From Moronobu to the Invention of Polychrome Printing (1660-1764).

General Characteristics.

The Primitive Period, first of those epochs into which the history of Japanese prints may be roughly divided, begins about 1660 with the appearance of the work of Moronobu. The period ends a century later when, after many experiments, the technique of the art had been developed from the black-and-white print to the full complexity of multi-colour printing.

The commonly accepted name of "the Primitives" requires some explanation when applied to these artists lest it create the impression that we are dealing with designers in whose works are to be found the naïve efforts of unsophisticated and groping minds. Nothing could be farther from the truth. Thousands of years of artistic experience and tradition lay back of these productions; and the level of æsthetic sophistication implied in them was high.

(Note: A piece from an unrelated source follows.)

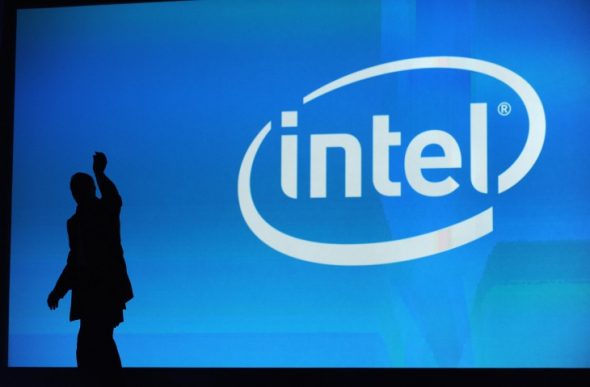 A silhouette of a person gesturing in front of a large blue screen displaying the Intel logo.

The word Primitive applies to these men only in so far as they were workers in the technique of wood-engraving. As producers of prints they were indeed pioneers and experimenters; but as designers they were part of a long succession that had reached full maturity centuries earlier.

Whether it be that a new technical form, like an unexplored country, tends to exclude from entrance all but bold and vigorous spirits, or whether it be that the stimulus of difficulty and discovery inspirits the adventurer with keener powers, these Primitives were as a group surpassed by none of their successors in force and lofty feeling. They seized the freshly available medium with an exuberance of vitality that had not yet lost itself in the deserts of a fully mastered technique.